Excerpted data:
.....

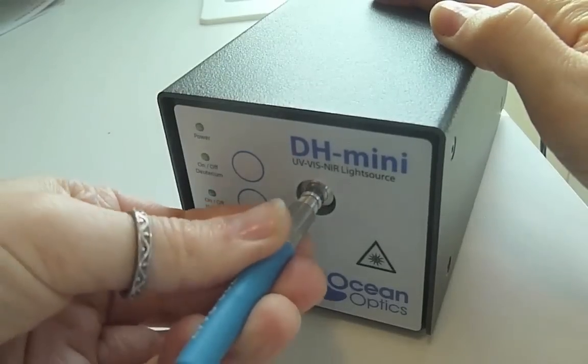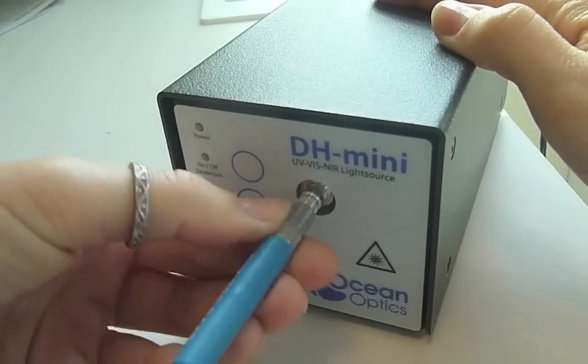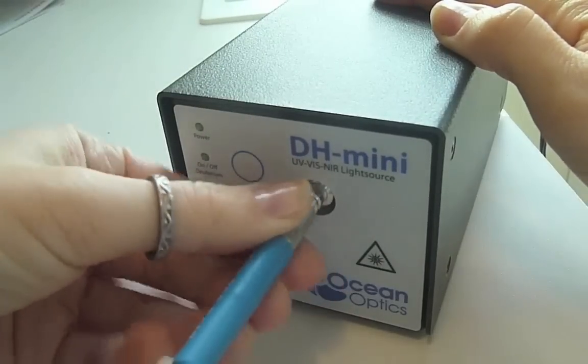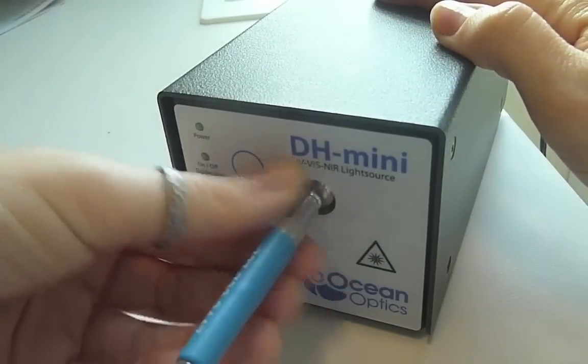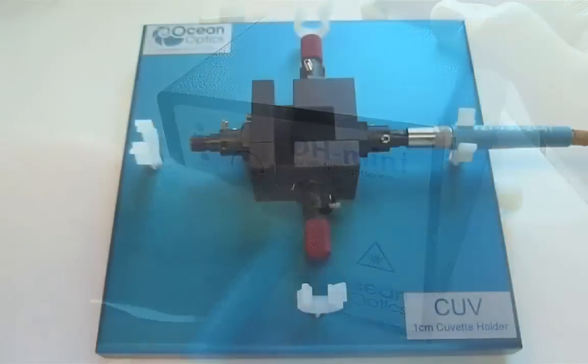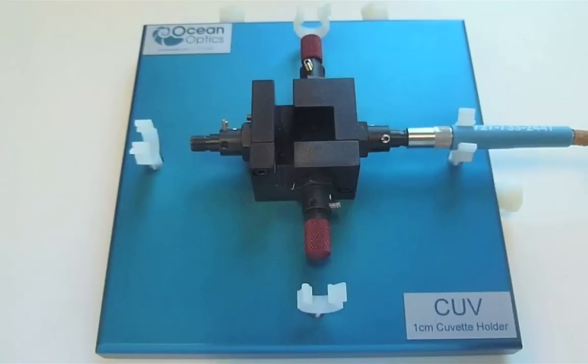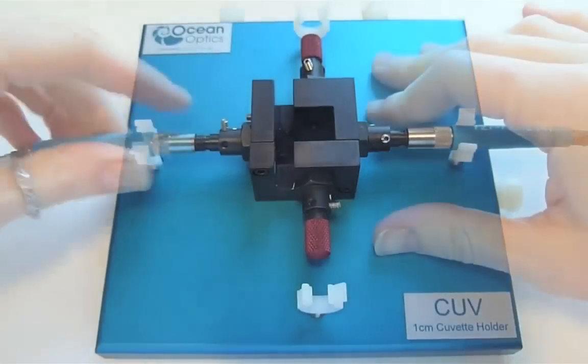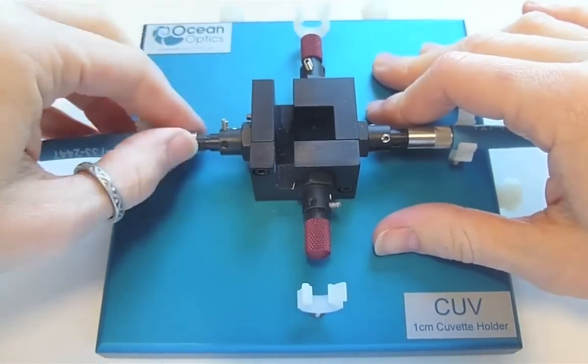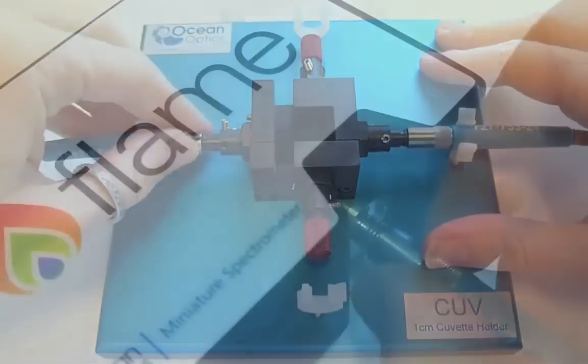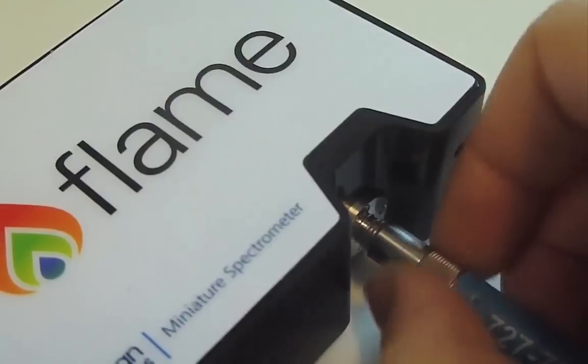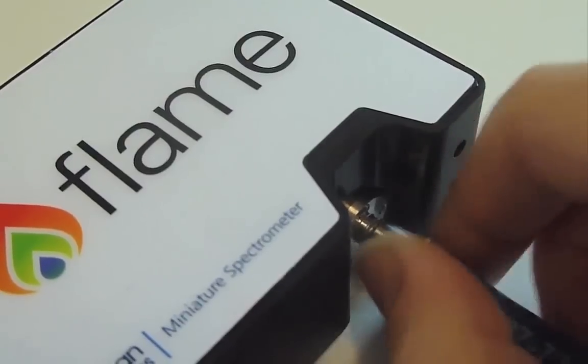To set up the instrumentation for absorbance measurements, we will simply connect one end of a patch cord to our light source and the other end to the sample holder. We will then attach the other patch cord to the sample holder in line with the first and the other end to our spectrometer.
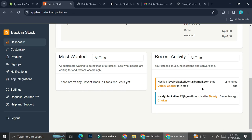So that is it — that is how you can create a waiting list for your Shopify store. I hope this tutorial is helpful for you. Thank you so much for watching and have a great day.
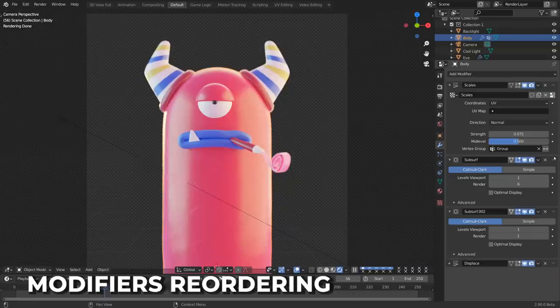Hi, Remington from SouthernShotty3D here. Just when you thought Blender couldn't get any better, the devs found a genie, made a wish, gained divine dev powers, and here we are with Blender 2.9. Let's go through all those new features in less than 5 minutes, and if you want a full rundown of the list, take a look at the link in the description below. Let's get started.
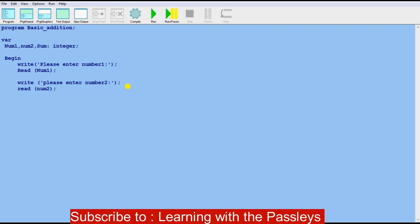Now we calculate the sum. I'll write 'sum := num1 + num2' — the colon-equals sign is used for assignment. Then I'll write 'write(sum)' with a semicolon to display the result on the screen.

.....

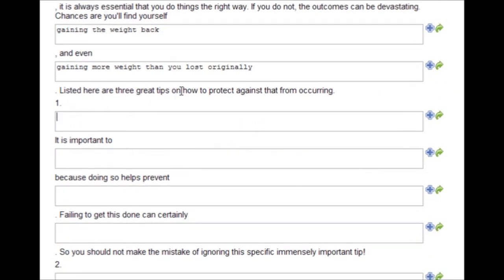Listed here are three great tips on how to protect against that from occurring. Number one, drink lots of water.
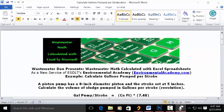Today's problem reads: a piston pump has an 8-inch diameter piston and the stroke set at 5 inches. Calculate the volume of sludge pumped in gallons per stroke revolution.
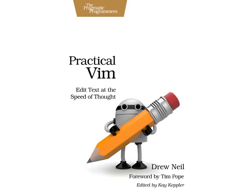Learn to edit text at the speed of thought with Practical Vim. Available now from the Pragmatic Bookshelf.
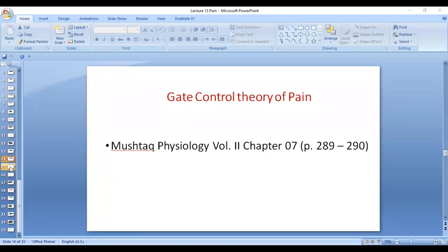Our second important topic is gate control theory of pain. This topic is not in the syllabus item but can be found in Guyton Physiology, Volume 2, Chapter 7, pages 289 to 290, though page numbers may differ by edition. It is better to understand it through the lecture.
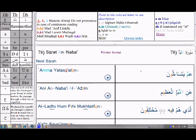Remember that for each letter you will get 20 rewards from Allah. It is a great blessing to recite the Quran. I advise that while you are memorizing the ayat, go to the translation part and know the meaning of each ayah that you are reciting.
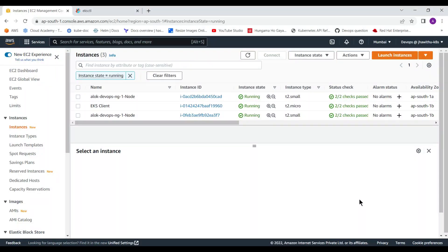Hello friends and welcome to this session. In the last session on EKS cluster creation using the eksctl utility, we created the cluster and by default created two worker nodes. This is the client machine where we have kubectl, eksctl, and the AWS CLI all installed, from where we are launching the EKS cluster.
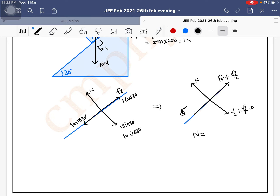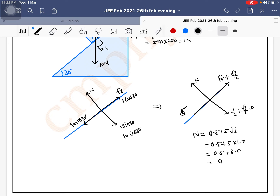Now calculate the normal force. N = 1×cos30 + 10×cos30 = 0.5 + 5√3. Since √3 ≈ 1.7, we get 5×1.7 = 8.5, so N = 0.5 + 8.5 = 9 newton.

.....

How to complete this task:
Reproduce the entries exactly, from the line with "Hello friends and" to the line with "Now calculate the", both lines included, keeping no pictures.

Answer to the problem:
Hello friends and welcome to this session. In the last session on EKS cluster creation using the eksctl utility, we created the cluster and by default created two worker nodes. This is the client machine where we have kubectl, eksctl, and the AWS CLI all installed, from where we are launching the EKS cluster.
Now calculate the normal force. N = 1×cos30 + 10×cos30 = 0.5 + 5√3. Since √3 ≈ 1.7, we get 5×1.7 = 8.5, so N = 0.5 + 8.5 = 9 newton.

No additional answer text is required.